REQUIRED WORK: Exact reproduction of every entry is required.

EXTRACTED INFORMATION:
──────

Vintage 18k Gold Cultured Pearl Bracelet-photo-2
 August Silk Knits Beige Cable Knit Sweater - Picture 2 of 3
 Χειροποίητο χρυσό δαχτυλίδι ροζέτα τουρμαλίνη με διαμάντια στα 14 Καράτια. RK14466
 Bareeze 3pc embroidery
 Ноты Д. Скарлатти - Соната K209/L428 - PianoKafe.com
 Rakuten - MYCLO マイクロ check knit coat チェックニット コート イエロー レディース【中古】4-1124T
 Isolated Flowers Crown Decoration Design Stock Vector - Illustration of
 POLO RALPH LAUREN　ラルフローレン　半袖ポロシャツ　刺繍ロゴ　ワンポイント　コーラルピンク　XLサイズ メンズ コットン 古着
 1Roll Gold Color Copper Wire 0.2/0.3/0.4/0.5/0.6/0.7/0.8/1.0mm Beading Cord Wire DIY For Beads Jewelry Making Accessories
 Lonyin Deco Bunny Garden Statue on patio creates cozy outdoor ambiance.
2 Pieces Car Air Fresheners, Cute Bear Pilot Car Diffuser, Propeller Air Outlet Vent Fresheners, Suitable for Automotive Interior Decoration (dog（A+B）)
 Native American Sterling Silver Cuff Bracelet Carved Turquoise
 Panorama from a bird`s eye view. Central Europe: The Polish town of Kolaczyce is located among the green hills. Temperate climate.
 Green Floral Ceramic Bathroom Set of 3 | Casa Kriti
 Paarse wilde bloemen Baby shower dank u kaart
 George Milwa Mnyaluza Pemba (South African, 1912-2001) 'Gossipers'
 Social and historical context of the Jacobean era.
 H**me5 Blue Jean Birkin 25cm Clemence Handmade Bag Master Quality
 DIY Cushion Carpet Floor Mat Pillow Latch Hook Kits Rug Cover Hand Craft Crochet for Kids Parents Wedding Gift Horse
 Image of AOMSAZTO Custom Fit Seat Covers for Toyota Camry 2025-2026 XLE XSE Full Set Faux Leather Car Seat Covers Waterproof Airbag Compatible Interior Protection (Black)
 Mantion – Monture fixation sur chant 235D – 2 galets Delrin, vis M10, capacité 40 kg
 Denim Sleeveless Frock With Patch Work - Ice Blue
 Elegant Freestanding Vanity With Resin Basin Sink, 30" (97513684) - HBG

──────

RESULT FOR THIS TASK:
Vintage 18k Gold Cultured Pearl Bracelet-photo-2
 August Silk Knits Beige Cable Knit Sweater - Picture 2 of 3
 Χειροποίητο χρυσό δαχτυλίδι ροζέτα τουρμαλίνη με διαμάντια στα 14 Καράτια. RK14466
 Bareeze 3pc embroidery
 Ноты Д. Скарлатти - Соната K209/L428 - PianoKafe.com
 Rakuten - MYCLO マイクロ check knit coat チェックニット コート イエロー レディース【中古】4-1124T
 Isolated Flowers Crown Decoration Design Stock Vector - Illustration of
 POLO RALPH LAUREN　ラルフローレン　半袖ポロシャツ　刺繍ロゴ　ワンポイント　コーラルピンク　XLサイズ メンズ コットン 古着
 1Roll Gold Color Copper Wire 0.2/0.3/0.4/0.5/0.6/0.7/0.8/1.0mm Beading Cord Wire DIY For Beads Jewelry Making Accessories
 Lonyin Deco Bunny Garden Statue on patio creates cozy outdoor ambiance.
2 Pieces Car Air Fresheners, Cute Bear Pilot Car Diffuser, Propeller Air Outlet Vent Fresheners, Suitable for Automotive Interior Decoration (dog（A+B）)
 Native American Sterling Silver Cuff Bracelet Carved Turquoise
 Panorama from a bird`s eye view. Central Europe: The Polish town of Kolaczyce is located among the green hills. Temperate climate.
 Green Floral Ceramic Bathroom Set of 3 | Casa Kriti
 Paarse wilde bloemen Baby shower dank u kaart
 George Milwa Mnyaluza Pemba (South African, 1912-2001) 'Gossipers'
 Social and historical context of the Jacobean era.
 H**me5 Blue Jean Birkin 25cm Clemence Handmade Bag Master Quality
 DIY Cushion Carpet Floor Mat Pillow Latch Hook Kits Rug Cover Hand Craft Crochet for Kids Parents Wedding Gift Horse
 Image of AOMSAZTO Custom Fit Seat Covers for Toyota Camry 2025-2026 XLE XSE Full Set Faux Leather Car Seat Covers Waterproof Airbag Compatible Interior Protection (Black)
 Mantion – Monture fixation sur chant 235D – 2 galets Delrin, vis M10, capacité 40 kg
 Denim Sleeveless Frock With Patch Work - Ice Blue
 Elegant Freestanding Vanity With Resin Basin Sink, 30" (97513684) - HBG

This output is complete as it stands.